> Task to complete:
Look below for the line containing "Άνθρωποι, Orange Christmas"; from there, print each line exactly up to and including the line containing "W. J. Browne", and stop.

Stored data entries
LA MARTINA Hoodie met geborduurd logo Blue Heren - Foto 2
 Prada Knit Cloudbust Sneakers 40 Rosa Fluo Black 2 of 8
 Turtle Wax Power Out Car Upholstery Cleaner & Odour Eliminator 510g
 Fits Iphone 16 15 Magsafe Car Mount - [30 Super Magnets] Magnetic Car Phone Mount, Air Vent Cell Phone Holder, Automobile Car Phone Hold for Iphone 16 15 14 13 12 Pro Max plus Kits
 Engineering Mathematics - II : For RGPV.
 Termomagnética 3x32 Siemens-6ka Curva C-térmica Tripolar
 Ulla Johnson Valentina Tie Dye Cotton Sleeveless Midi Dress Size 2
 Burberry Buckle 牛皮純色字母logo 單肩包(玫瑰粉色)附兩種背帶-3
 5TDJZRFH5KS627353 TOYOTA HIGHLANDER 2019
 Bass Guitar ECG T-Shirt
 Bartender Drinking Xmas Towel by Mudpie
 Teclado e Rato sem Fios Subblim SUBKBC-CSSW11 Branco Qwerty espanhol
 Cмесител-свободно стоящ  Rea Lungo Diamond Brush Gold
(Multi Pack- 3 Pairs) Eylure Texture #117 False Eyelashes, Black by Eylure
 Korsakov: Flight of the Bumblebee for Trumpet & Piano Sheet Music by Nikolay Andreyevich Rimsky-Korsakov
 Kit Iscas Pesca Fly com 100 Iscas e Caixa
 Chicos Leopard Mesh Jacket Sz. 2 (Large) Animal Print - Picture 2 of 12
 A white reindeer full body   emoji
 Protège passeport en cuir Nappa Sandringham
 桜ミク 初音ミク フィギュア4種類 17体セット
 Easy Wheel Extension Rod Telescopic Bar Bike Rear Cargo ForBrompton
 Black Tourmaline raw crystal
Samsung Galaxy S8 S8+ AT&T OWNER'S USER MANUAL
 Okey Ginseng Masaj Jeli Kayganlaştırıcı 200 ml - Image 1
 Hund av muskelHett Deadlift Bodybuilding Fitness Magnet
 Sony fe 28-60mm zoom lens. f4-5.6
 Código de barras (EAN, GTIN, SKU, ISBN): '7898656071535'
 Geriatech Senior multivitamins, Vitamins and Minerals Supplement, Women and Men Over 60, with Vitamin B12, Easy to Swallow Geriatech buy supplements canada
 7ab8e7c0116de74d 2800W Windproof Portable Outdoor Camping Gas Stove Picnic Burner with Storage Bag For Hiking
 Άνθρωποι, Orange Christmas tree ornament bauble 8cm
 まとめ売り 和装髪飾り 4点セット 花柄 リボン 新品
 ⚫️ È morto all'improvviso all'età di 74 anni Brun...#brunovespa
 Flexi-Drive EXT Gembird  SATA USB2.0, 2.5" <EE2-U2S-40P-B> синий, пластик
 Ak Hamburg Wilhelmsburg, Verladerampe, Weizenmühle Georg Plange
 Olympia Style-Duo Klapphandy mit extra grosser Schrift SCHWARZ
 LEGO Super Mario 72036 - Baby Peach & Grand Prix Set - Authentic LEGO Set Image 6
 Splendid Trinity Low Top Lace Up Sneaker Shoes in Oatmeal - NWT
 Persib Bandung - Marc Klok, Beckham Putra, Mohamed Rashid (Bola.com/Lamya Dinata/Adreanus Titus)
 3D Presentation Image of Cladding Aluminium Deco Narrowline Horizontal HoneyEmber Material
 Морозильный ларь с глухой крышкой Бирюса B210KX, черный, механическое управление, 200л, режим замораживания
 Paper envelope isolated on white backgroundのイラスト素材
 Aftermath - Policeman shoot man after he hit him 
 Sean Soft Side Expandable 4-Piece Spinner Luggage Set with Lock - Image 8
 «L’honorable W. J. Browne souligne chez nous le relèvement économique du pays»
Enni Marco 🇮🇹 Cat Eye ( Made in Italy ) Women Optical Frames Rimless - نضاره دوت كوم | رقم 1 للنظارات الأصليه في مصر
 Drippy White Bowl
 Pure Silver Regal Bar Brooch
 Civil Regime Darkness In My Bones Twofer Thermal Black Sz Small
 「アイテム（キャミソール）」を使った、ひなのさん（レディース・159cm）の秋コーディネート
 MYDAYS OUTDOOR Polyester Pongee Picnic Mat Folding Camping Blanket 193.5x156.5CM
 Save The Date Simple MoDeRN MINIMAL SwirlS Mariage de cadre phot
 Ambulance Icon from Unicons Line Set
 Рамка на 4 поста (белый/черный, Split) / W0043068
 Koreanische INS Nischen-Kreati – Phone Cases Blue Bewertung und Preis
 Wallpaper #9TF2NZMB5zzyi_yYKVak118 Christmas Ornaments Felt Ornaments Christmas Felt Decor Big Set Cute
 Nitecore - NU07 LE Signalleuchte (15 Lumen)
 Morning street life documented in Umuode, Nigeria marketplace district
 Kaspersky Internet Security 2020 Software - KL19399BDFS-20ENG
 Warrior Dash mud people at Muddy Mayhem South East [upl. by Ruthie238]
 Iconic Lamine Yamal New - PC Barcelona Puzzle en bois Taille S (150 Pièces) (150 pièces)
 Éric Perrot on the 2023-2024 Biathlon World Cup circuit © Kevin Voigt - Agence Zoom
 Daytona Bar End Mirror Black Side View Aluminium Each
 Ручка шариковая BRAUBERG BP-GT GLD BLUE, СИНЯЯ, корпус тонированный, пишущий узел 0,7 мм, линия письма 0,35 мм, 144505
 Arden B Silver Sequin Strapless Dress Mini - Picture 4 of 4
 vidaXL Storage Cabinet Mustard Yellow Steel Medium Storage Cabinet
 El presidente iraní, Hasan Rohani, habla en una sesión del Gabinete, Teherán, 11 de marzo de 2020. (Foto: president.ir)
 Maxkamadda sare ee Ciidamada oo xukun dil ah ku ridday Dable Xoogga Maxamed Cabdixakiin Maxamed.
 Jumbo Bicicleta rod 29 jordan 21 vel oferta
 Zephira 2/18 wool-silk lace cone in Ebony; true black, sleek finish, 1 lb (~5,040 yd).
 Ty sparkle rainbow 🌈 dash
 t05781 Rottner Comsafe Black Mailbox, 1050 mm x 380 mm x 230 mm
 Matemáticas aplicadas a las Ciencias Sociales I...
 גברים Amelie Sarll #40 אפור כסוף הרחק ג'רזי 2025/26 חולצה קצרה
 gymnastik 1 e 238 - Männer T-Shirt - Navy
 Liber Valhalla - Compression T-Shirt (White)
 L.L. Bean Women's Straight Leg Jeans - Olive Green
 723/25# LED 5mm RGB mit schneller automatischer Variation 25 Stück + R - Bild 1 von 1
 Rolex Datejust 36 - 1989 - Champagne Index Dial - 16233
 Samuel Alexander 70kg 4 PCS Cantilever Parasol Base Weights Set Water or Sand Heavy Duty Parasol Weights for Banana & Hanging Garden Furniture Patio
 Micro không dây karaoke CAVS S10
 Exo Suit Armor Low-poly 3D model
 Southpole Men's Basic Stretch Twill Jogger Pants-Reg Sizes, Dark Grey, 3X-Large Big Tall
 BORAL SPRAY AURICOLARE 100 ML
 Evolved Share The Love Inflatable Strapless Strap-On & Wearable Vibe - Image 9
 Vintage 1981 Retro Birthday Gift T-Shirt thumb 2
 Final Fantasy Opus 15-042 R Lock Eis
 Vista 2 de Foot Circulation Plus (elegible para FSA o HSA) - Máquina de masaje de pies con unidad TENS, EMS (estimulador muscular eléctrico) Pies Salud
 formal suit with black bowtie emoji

> Response for this exercise:
 Άνθρωποι, Orange Christmas tree ornament bauble 8cm
 まとめ売り 和装髪飾り 4点セット 花柄 リボン 新品
 ⚫️ È morto all'improvviso all'età di 74 anni Brun...#brunovespa
 Flexi-Drive EXT Gembird  SATA USB2.0, 2.5" <EE2-U2S-40P-B> синий, пластик
 Ak Hamburg Wilhelmsburg, Verladerampe, Weizenmühle Georg Plange
 Olympia Style-Duo Klapphandy mit extra grosser Schrift SCHWARZ
 LEGO Super Mario 72036 - Baby Peach & Grand Prix Set - Authentic LEGO Set Image 6
 Splendid Trinity Low Top Lace Up Sneaker Shoes in Oatmeal - NWT
 Persib Bandung - Marc Klok, Beckham Putra, Mohamed Rashid (Bola.com/Lamya Dinata/Adreanus Titus)
 3D Presentation Image of Cladding Aluminium Deco Narrowline Horizontal HoneyEmber Material
 Морозильный ларь с глухой крышкой Бирюса B210KX, черный, механическое управление, 200л, режим замораживания
 Paper envelope isolated on white backgroundのイラスト素材
 Aftermath - Policeman shoot man after he hit him 
 Sean Soft Side Expandable 4-Piece Spinner Luggage Set with Lock - Image 8
 «L’honorable W. J. Browne souligne chez nous le relèvement économique du pays»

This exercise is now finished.